The Defendant's version is an outright denial of the Plaintiff's case. She averred that she was a customer of HFC Bank- Adum Branch where she encountered a Loan officer by name Fred Boakye Yiadom. She stated that at a point in time, she wanted a Letter of Credit (LC) to purchase fish from Dakar and the said Boakye Yiadom recommended a company by name West Capital company. She paid an amount of GH¢ 50,000.00 to that company but the company failed to establish the LC. Her money was not also refunded. Further, the Defendant averred that Fred Boakye Yiadom assured her that she will move to the Plaintiff Bank as a manager and would give her the money. Whilst in London where she is ordinarily resident, Plaintiff said she received a phone call from Fred Boakye Yiadom who requested her to send a written request for a loan to pay off her debt at HFC and she did exactly that. The Defendant contended that it was the said Boakye Yiadom who informed her that he had paid GHS 100,000.00 to HFC and moved her account to the Plaintiff Bank but she did not sign any documentation to that effect. In his capacity as Manager of the Plaintiff Bank, Boakye Yiadom is said to have transferred Twenty Thousand Pounds into the Defendant's Barclays Account in the UK as an overdraft (O/D), and at that time the cedi equivalent was GHS 50,000.00. She denied ever giving her title deeds in respect of Plot 6 Manu Crescent, Pankrono Kumasi to the Plaintiff as Mortgage for any Loan and that Boakye Yiadom requested for those documents for the purpose of making an indenture for her.


By way of Reply, the Plaintiff admitted that even though Fred Boakye Yiadom at some point in time worked for HFC and later the Plaintiff Bank, he did not grant loans. In the case of the Plaintiff Bank, their case is that a credit committee gives the approval and the Board of Directors approve of the Quantum. Again, the Plaintiff averred that First National Savings and Loans (FNSL) paid off the Defendant's Debt at HFC at her request. In answer to the Defendant's averments in relation to the security, the Plaintiff stated that it was the defendant who deposited the title deeds and even executed a memorandum of deposit.

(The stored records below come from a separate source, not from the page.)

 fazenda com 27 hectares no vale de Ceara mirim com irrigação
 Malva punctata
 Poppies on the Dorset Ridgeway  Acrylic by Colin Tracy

Later, she requested her property to be sold to liquidate her indebtedness to Plaintiff in furtherance of which Asenta Property Consulting was entrusted with the sale of the property.


The issues to be determined in this trial are as follows:

1. Whether or not the Defendant delivered Title Deeds in respect of Plot No. 6 Manu Crescent Pankrono Kumasi as Collateral for the facilities granted to her by the Plaintiff?

2. Whether or not the Defendant applied for and was granted a total amount of GH¢250,000.00 representing overdraft of GH¢150,000.00 and loan of GH¢100,000.00?

3. Whether or not Defendant executed any documents in respect of the two facilities?

4. Whether or not the Defendant is indebted to the Plaintiff in the sum of GH¢ 552, 247.00?


It is to be noted that on 21/10/2014, the Defendant submitted to judgment on admissions in the sum of GH¢150,000.00 so this trial is in respect of the outstanding balance of GH¢ 402, 247.00.


At the trial, evidence was adduced on behalf of the Plaintiff (now GN Bank) by its Operations Officer who formerly worked at the Credit Department. His testimony was that as a customer of the Plaintiff bank, the Defendant applied for a loan facility of GH¢100,000.00 and an overdraft of GH¢ 150,000.00 for twenty four months and twelve months respectively. He quoted the agreed interest rate on both facilities as 3% per month or 36% per annum. He said these transactions were in writing and in support of that he tendered a banking facility letter as exhibit A. An undated memorandum of deposit of title deeds was admitted as exhibit B. Other documents tendered are NAKBAK Enterprise statement of account (exhibit C); Credit Repayment schedule (exhibit D); assignment of stock (exhibit E).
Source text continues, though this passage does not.